The fastest crossing of India from edge to edge — Gujarat to Arunachal Pradesh — ridden for the Indian Army's Swarnim Vijay Varsh, and my third Guinness World Record.
On 17 October 2021 I rolled out of Koteshwar in Gujarat, on the western edge of India, aiming for Kibithoo in Arunachal Pradesh — the country's far eastern frontier. Nine days, seven hours and five minutes later I reached Kibithoo on 26 October 2021, setting a new Guinness World Record for the fastest time to cycle trans-India, west to east, over roughly 3,800 km.
The ride was dedicated to the Indian Army's Swarnim Vijay Varsh — the year-long commemoration of the 50th anniversary of the 1971 war, in which the Armed Forces secured a decisive victory. Along the route my crew and I engaged with young people in Jaipur, Agra, Lucknow, Gorakhpur, Siliguri and Tezpur, carrying the message of the anniversary to the country's youth.

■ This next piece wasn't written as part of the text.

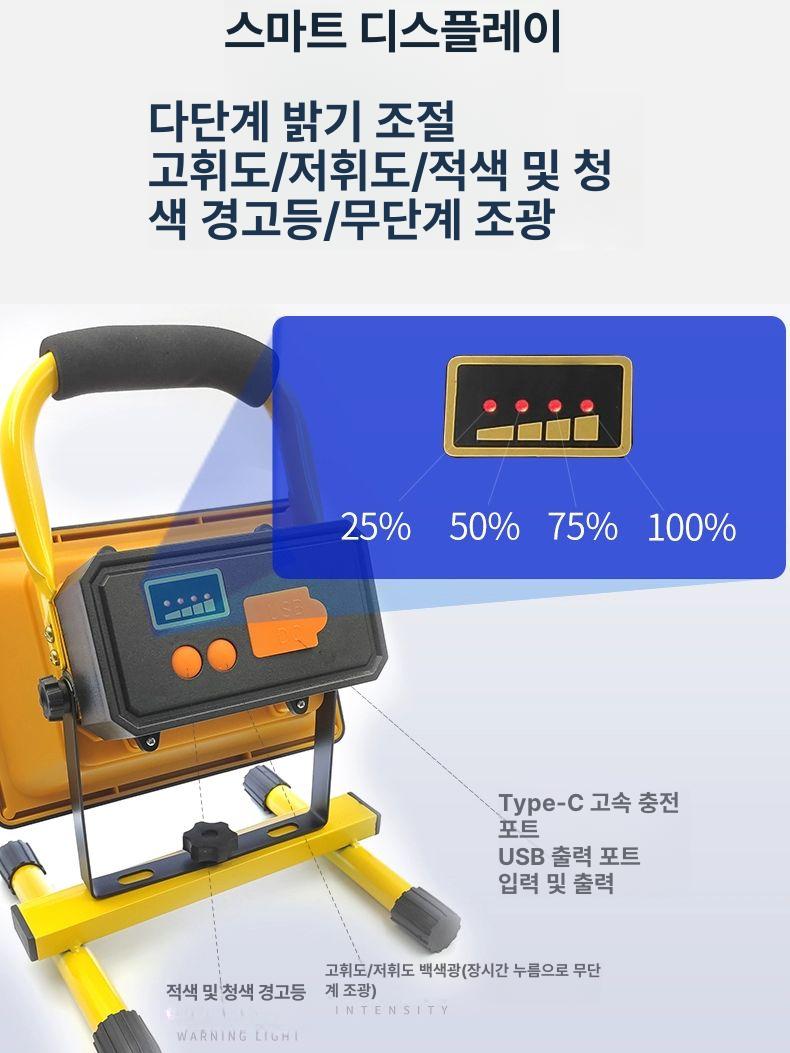 충전식 랜턴 현장 건설 조명 정비등 충전 렌턴 후레쉬 300W 5000mAh 4-8시간 - 상세 이미지 4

The previous record — 11 days, 21 hours, 57 minutes and 2 seconds, held by Naresh Kumar — fell by more than two days. I rode a Scott Plasma time-trial bike across terrain that was mostly flat but never easy: heavy traffic through the plains, days of rain, high daytime temperatures and the long grind east of Siliguri toward the mountains. A compact six-member crew — including a dietician, a bike mechanic and a physiotherapist — kept the expedition moving around the clock.
This was my third Guinness World Record on the bike, after the Leh–Manali and Golden Quadrilateral records of 2020. “Edge to edge across India” is exactly that — Arunachal Pradesh is landlocked, so this is a true frontier-to-frontier traverse rather than a coast-to-coast one.